Obviously it's Glenn's decision, but a video section for members would be a really beneficial addition to the forum. I for one will be looking to upgrade in 6-12 months and would love to see videos of potential purchases in action. I searched YouTube and looked at as many videos as I could when I had my classic problems. It would be interesting to see other member videos on the same machine to see how they compare. There could also be videos for problems, videos for mods, videos for how to's... Etc....

im now acutely aware that videos don't even exist anymore! .... But you know what I mean


----------



## series530 (Jan 4, 2013)

Hi Tony,

my version of blonding, as I understood it from Glenn during my training, is a little difficult to describe in words. Essentially as The Systemic Kid described, when properly ground and tamped, once coffee starts to appear from the porta filter, it will tend to have a dark almost gloopy consistency. It's almost like a liquid treacle. As the seconds tick by it will tend to be less gloopy and the colour will gradually lighten. With my Union Roasted beans it starts off very dark, it then quite quickly transitions into a mid brown and stays that way for some time and then it gradually gets lighter and lighter. The important thing, as I understood it from Glenn is to avoid having too much of the third stage. If you do you are simply topping up the shot glasses so as to get to 2 oz and not filling them with a rich coffee. Better, if you start to see mostly blonding, to stop and accept a shorter measure.

There is no magic definition of blonding, its more of a visual feel than anything else. I just make sure I stop before the coffee seems like dull dish water.

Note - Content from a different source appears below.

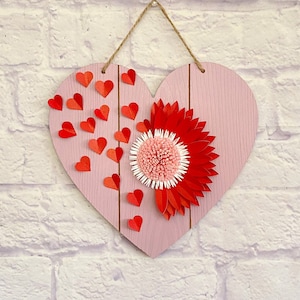 Paper Sunflower Heart Sign | Personalized Gift | Sunflower Decor | Home Decor | Gift for Her | Paper Flower Gift | Custom Gift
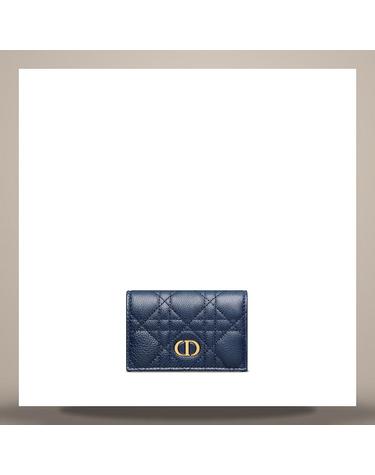 디올 Dior Caro Glycine 지갑 딥 오션 블루 서플 까나쥬 송아지 가죽 S5132UWHCM66B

Personally, I try to dial and tamp to get to approx 25 seconds without blonding but with around 2 oz rather than pulling exactly 2 oz of shot in 25 seconds no matter what comes out... but that's just my way and it could b e utter tosh!!


----------



## Pdalowsky (Dec 31, 2012)

Cool, im hitting around 27 seconds too from flicking the switch

Many do swear by 30ml though which can confuse me, seems many do the 60ml thing too.

about the blonding comment, you dont actually mean the colour of the crema, but the actual flow from the PF? So it initially pours out very dark and almost treacly, then the colour of the pour lightens - is this the blonding?

I have learned not to tamp as hard as I was too lately which surprised me. Using pre ground coffee I was having to almost jump on the tamp to get it firm enough!!!! but now i can use a lot less pressure.


----------



## Gangstarrrrr (Mar 4, 2013)

Can anyone advise of the differences between the MK 1 and MK 2 models?


----------



## reneb (Nov 2, 2011)

I think the only difference is that the mk1 is timer only whereas with the mk2 you have the option of timer or on demand - i.e. you can grind for whatever time you want.


----------



## Maidop (Mar 13, 2013)

I've found that grinding into a cone and then stirring has made a real difference. My Mignon (brand new on Friday) definitely clumps, and so without stirring the shot comes through too quick, and the puck shows real signs of channeling. By grinding into a cone and stirring with a bamboo skewer the shot is slowing right down meaning I've had to make the grind a little coarser to compensate.

Can't believe how quiet the mignon is (compared to a 7 year old Dualit with knackered burrs) just hope the clumping settles down.

Should say that I bought from Claudette at BB, she was brilliant, cannot fault the service!


----------



## Maidop (Mar 13, 2013)

Meant to ask.. Do people fill the hopper and then grind out the weight they need, or do you prefer to pour the correct weight of beans into the hopper and grind just the right amount... Did that even make sense?

On my old Dualit I would pour 18g of beans into the hopper and grind it through, but on the mignon I have filled the hopper and ground into the portafilter, weighing and re-weighing until I have the right amount. This is starting to sound a bit obsessive...


----------



## Big Tony (Dec 18, 2012)

No mate... you're right to be obsessive. Eliminating variables means you're more likely to produce quality consistent coffee. I weigh my beans everytime and never fill the hopper. You can treat beans like bread....expose them to air and they will go stale very quickly. My mignon clumps as well but I just tap the PF on the side and they all melt away in 5 seconds. Some people say not to do it but I've heard others disagree. People will say that if it works for you, stick with it.


----------



## IanP (Aug 4, 2011)

Maidop said:


> Meant to ask.. Do people fill the hopper and then grind out the weight they need, or do you prefer to pour the correct weight of beans into the hopper and grind just the right amount... Did that even make sense?
> 
> On my old Dualit I would pour 18g of beans into the hopper and grind it through, but on the mignon I have filled the hopper and ground into the portafilter, weighing and re-weighing until I have the right amount. This is starting to sound a bit obsessive...


Can only speak on my own behalf here, but I weigh the actual grounds in the portafilter just before making the shot. I have found that using my newly acquired Vario, once the grind has been dialed in and the timer set, there is little variation in truth in the weight in the basket..... But when the grind needs adjustment so does the timer. Don't know which is more of a faff.... Weighing each shot every time or fiddling with the timer every time the grind has to be reset!

Maybe that's just me.... I make no claims to normality









Ian


----------



## Maidop (Mar 13, 2013)

Thanks both, not really sure why I changed my practice to be honest, I'll empty it and weigh each time I grind. Out of interest - 16, 17 or 18 grams? (OCD)


----------



## series530 (Jan 4, 2013)

During my training it was suggested that I place enough beans in the hopper for the day and grind what I need as I need it. By the end of the day the hopper is about empty. This approach seems to work fine for me and saves me being too obsessive.


----------



## Big Tony (Dec 18, 2012)

18g for me


----------